The Cybersecurity and Infrastructure Security Agency (CISA) has officially added two critical Chromium vulnerabilities, CVE-2026-3909 and CVE-2026-3910, to its Known Exploited Vulnerabilities (KEV) catalog. Federal agencies and private sector organizations are under a critical directive to patch immediately.
Both vulnerabilities reside within the V8 JavaScript and WebAssembly engine. Specifically, they are out-of-bounds memory access flaws that occur during the JIT (Just-In-Time) compilation phase. When V8 attempts to optimize an array lookup, it fails to perform adequate bounds checking under specific edge cases involving deeply nested typed arrays.

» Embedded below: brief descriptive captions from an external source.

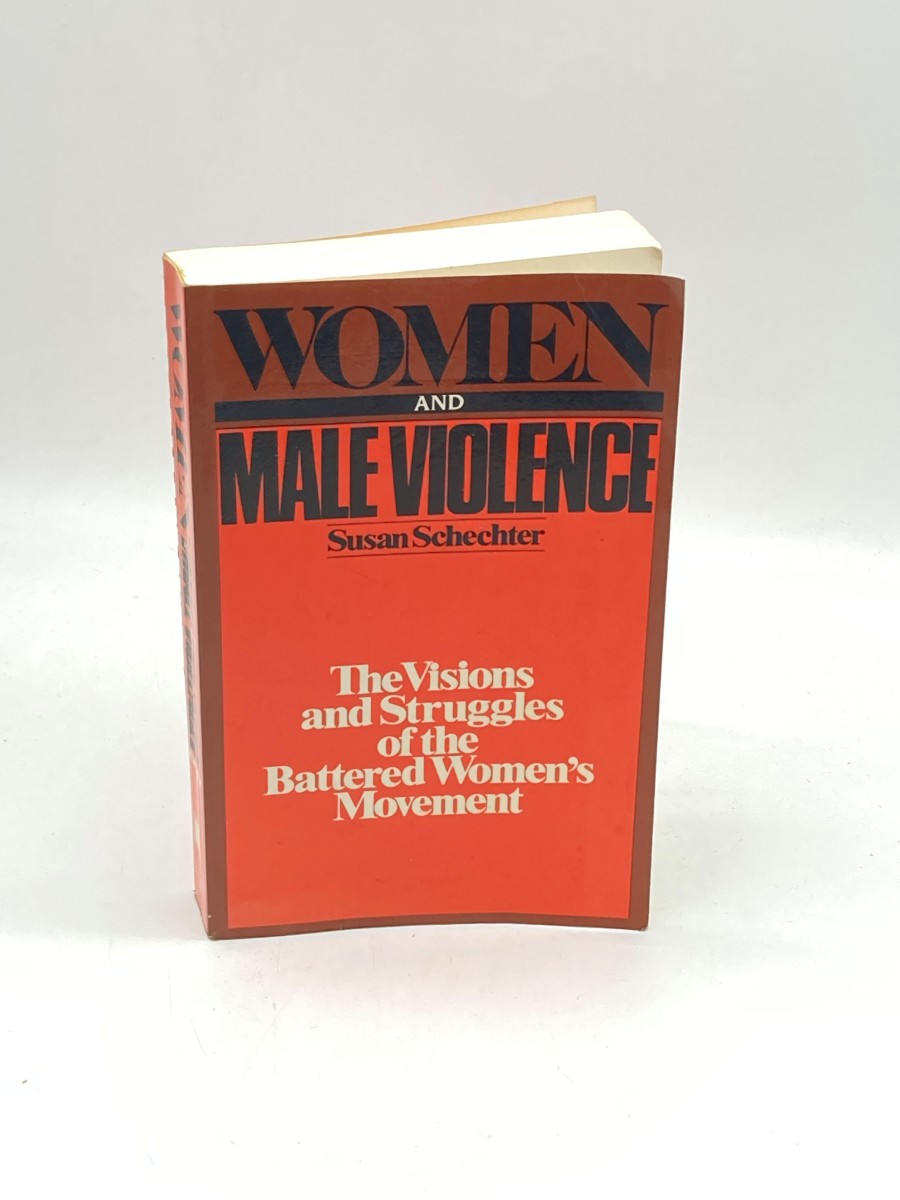 Women and Male Violence The Visions and Struggles of the Battered Women's Movement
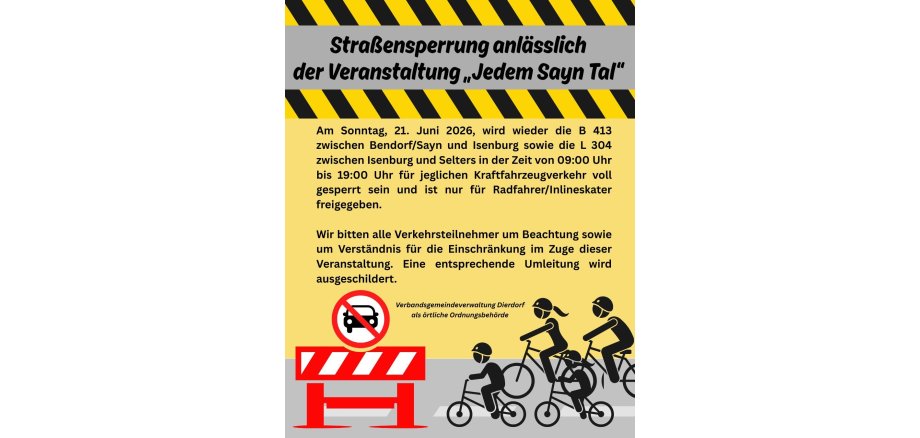 Straßensperrung anlässlich der Veranstaltung „Jedem Sayn Tal“ Am Sonntag, 15. Juni, wird wieder die B 413 zwischen Bendorf/Sayn und Isenburg sowie die L 304 zwischen Isenburg und Selters in der Zeit von 9 bis 19 Uhr für sämtliche Fahrzeuge voll gesperrt - 1 Straßensperrung anlässlich der Veranstaltung „Jedem Sayn Tal“ Am Sonntag, 15. Juni, wird wieder die B 413 zwischen Bendorf/Sayn und Isenburg sowie die L 304 zwischen Isenburg und Selters in der Zeit von 9 bis 19 Uhr für sämtliche Fahrzeuge voll gesperrt - 1
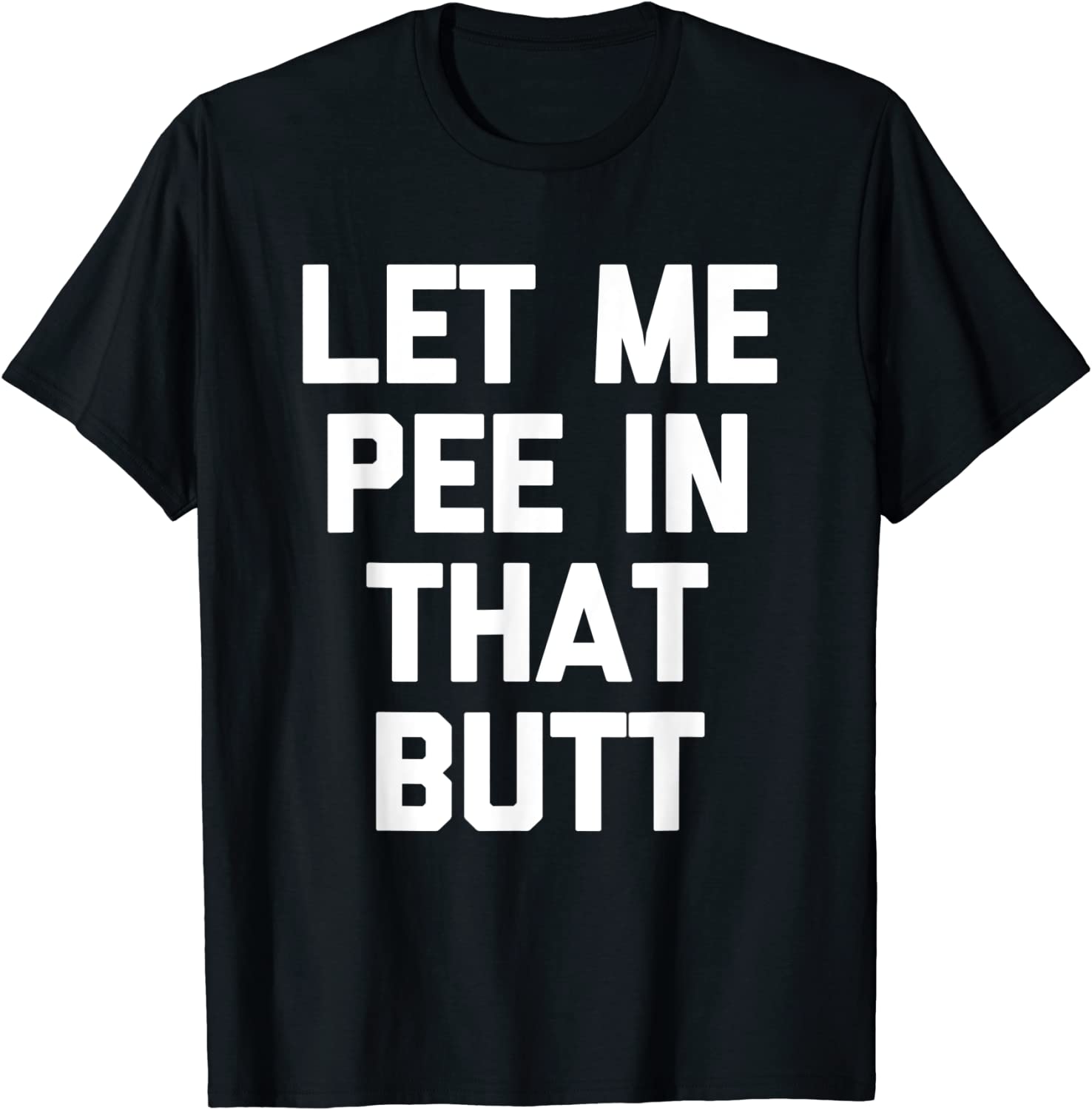 Let Me Pee In That Butt 2022 Shirt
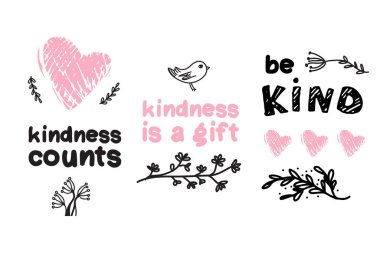 kind motivational quote. T-shirt printing design, typography graphics.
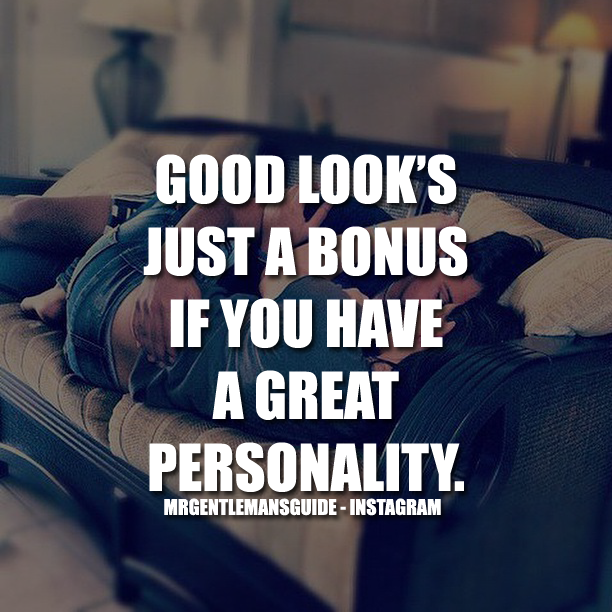 Good Look’s Just A Bonus If You Have A Great Personality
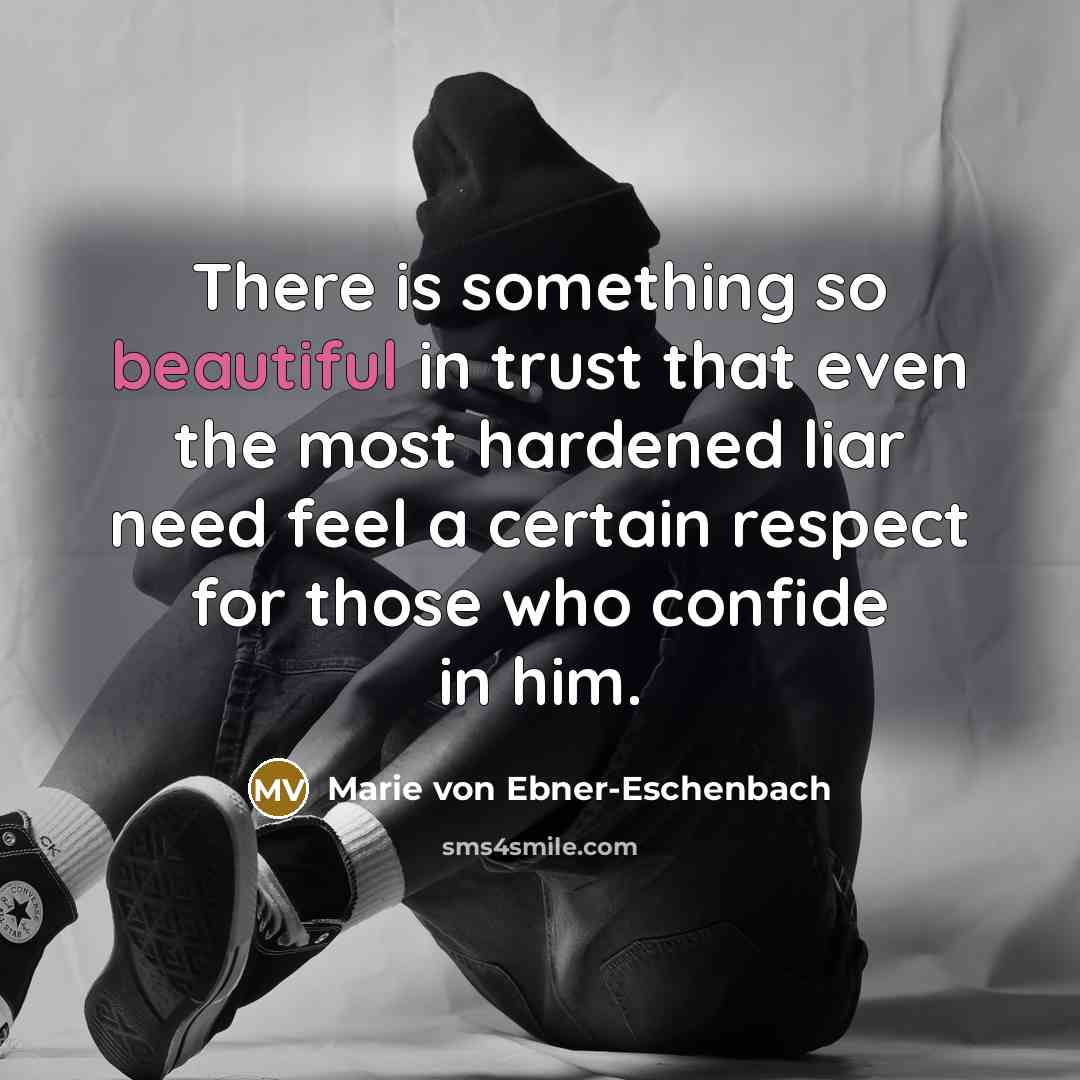 “There is something so beautiful in trust that even the…” quote by Marie von Ebner-Eschenbach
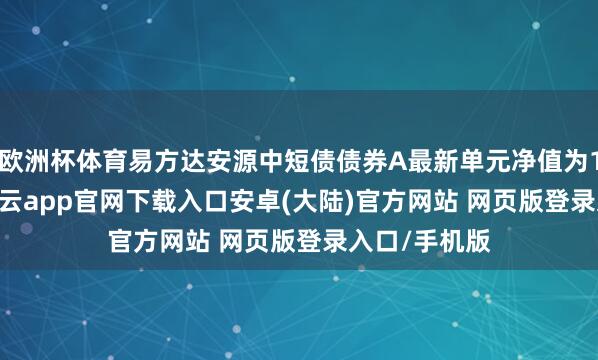 欧洲杯体育易方达安源中短债债券A最新单元净值为1.0251元-开云app官网下载入口安卓(大陆)官方网站 网页版登录入口/手机版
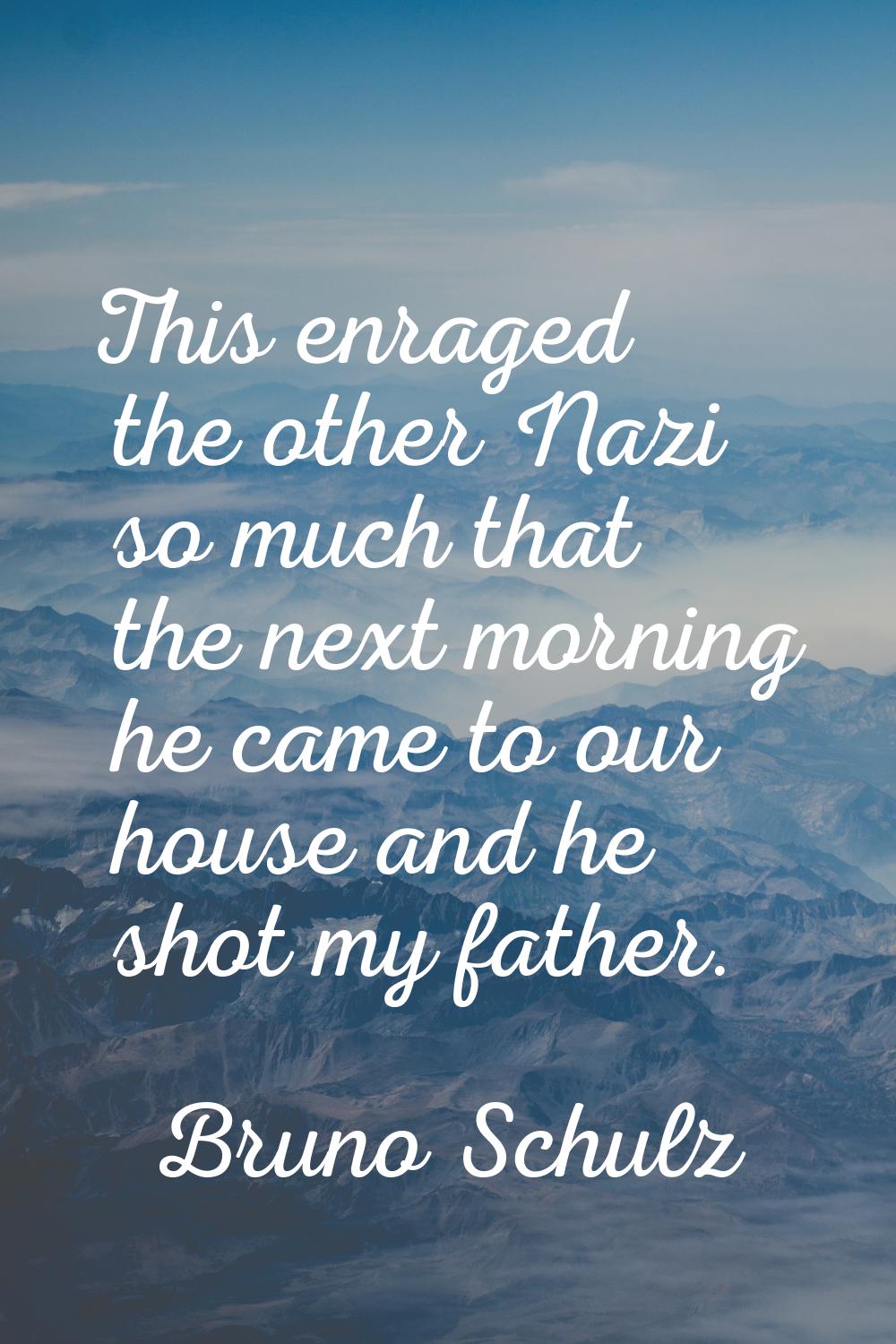 This enraged the other Nazi so much that the next morning he came to our house and he shot my fathe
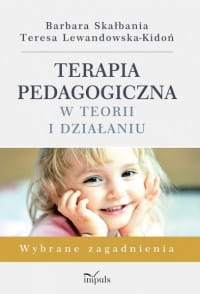 TEORIA PEDAGOGICZNA W TEORII I DZIAŁANIU SKAŁBANIA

Attackers exploit this by crafting malicious JavaScript that forces the V8 engine to read or write memory outside the intended buffer. This allows for arbitrary code execution within the browser's sandbox. In highly targeted attacks observed in the wild, this has been chained with a separate OS-level vulnerability to achieve full sandbox escape.
The exploit vector requires minimal user interaction—simply navigating to a compromised website or viewing a malicious advertisement frame is sufficient. The telemetry indicates these zero-days are being leveraged in sophisticated spear-phishing campaigns targeting financial institutions.
System administrators must deploy Chromium version 142.0.7250.0 or later. For headless environments utilizing Puppeteer or Playwright, it is crucial to update the underlying browser binaries, as these environments are equally susceptible to automated exploitation.